Crépuscule sur Saint-Ouen. Près de la fourrière, une Xantia blanche est garée. Au volant, son conducteur, tête ployée sur les genoux, en position foetale. Le jeune homme s'est planté un couteau de cuisine dans le coeur. Seppuku pour Mishima de banlieue. Idéaliste comme le romancier japonais, il était engagé, mais de l'autre bord de l'échiquier politique, c'était un syndicaliste. Le téléphone du mort vibre et s'illumine : "kess tu fous travailleur viens briller avec moi C la fête de l'année". On est à la veille du 1er-Mai. Un peu partout il y a des bals. L'ami qui a envoyé le texto ne conduira pas ce soir son camion-poubelle. Il vêtira son "habit de lumière" afin de remporter le concours d'élégance des sapeurs, les membres de la Sape, Société des ambianceurs et des personnes élégantes.
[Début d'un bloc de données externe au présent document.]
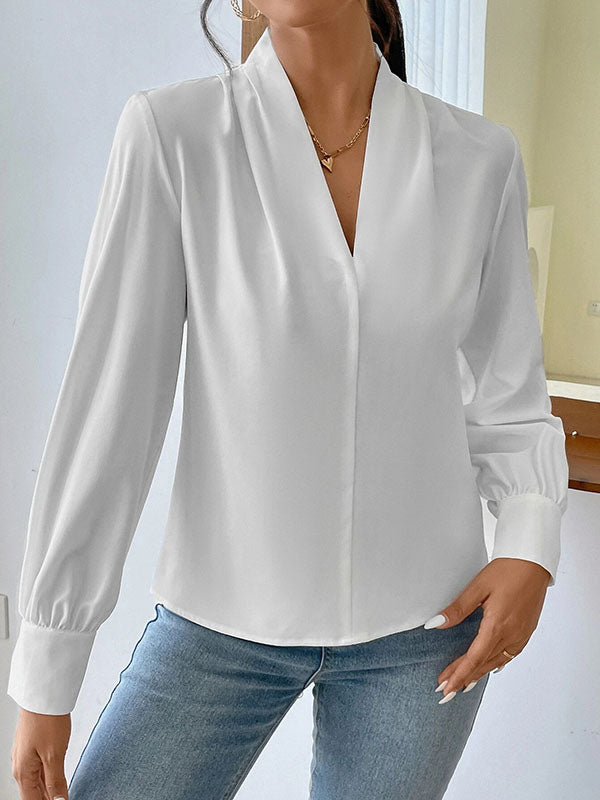 Long Sleeves Loose Pleated Solid Color Split-Joint V-Neck Blouses&Shirts Tops
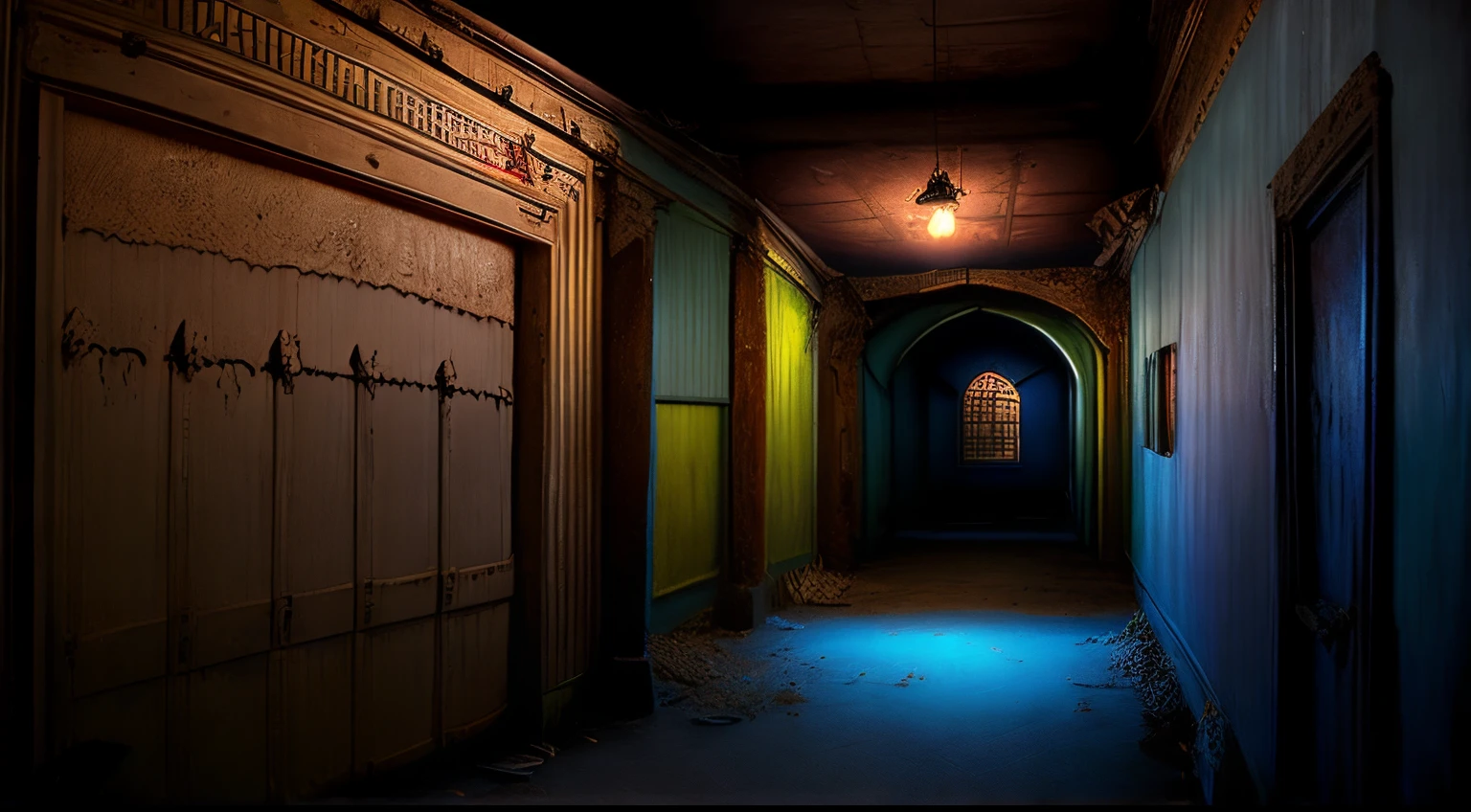 Corridors that should have led to dead ends instead twisted and looped back upon themselves, inside an abandoned funhouse, the interior of a funhouse, a haunted house hallway, an abandoned theme park, remnants of a funhouse.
Parfait est éboueur le jour et prince la nuit. Le dandy congolais est chauffeur de benne à ordures, mais contrairement aux "ripeurs", lui ne ramasse pas les déchets. Il sillonne Paris, passe sur les grands boulevards, côté porte Saint-Denis. A deux pas des théâtres se déroule une autre sorte de dramaturgie. La rue avec son casting prolétaire et cosmopolite : bars PMU jouxtant kebabs turcs et épiciers arabes, vendeurs de roses pakistanais et putes chinoises à bas prix. Parfait achète un briquet gadget à une petite Asiatique qui trimballe sa camelote en rollers. Ce n'est pas avec l'Africain qu'elle fera des affaires. En revanche, en cette veille de fête du Travail, Barbara réussit à refourguer tout son glorifier, le présentoir de produits, à une passante, ancienne droguée, désireuse de faire un cadeau "original" à l'oncle qui lui a payé sa cure de désintoxication. Lequel n'est autre que le défenseur de la cause sociale au bord du suicide.

Avec Mélo, Frédéric Ciriez, auteur d'un premier roman très remarqué, Desnéons sous la mer (Verticales, 2008, Folio, 2010) - une histoire de sous-marin converti en lupanar -, signe un retour non moins flamboyant. Le romancier à la verve luxuriante et à l'imaginaire baroque a relié par des fils rouges multiples et ténus les volets d'un triptyque où se croisent les vies d'un syndicaliste dépressif, d'un Gatsby le Magnifique noir et d'une Franco-Chinoise, étudiante en école de commerce aguerrie à la technique de vente en direct. Trois destins, trois figures de la précarité. Précarité existentielle, tout d'abord. Frôlant la beauté d'un mannequin de l'agence juste au-dessous de ses bureaux, le syndicaliste entrevoit toute l'absurdité de sa mission. Troublante que cette scène où la belle inconnue lui caresse le visage dans la cage d'escalier : "Leurs yeux sont transparents, sans résistance. Puis il se sent oppressé, tente de se dégager. Elle retire brutalement sa main, le laisse en paix ; et cela finit parce que tout finit et elle reprend sa descente et lui sa montée. Elle vers sa liberté vaine, lui vers son devoir sans but."

La précarité est affective. Barbara a beau avoir épousé la flexibilité de l'économie de l'hypermarché, la commerciale en rollers gagne de l'argent en vendant ses babioles "made in China" à un rythme effréné, mais craint de perdre l'amour de Charlotte, qu'elle aime et qui l'a trompée. Si la précarité est certes sociale, elle peut être aussi une philosophie de vie assumée. Celle de l'esthète funambule dansant au-dessus du volcan : le sapeur prêt à claquer un mois de salaire pour un costume.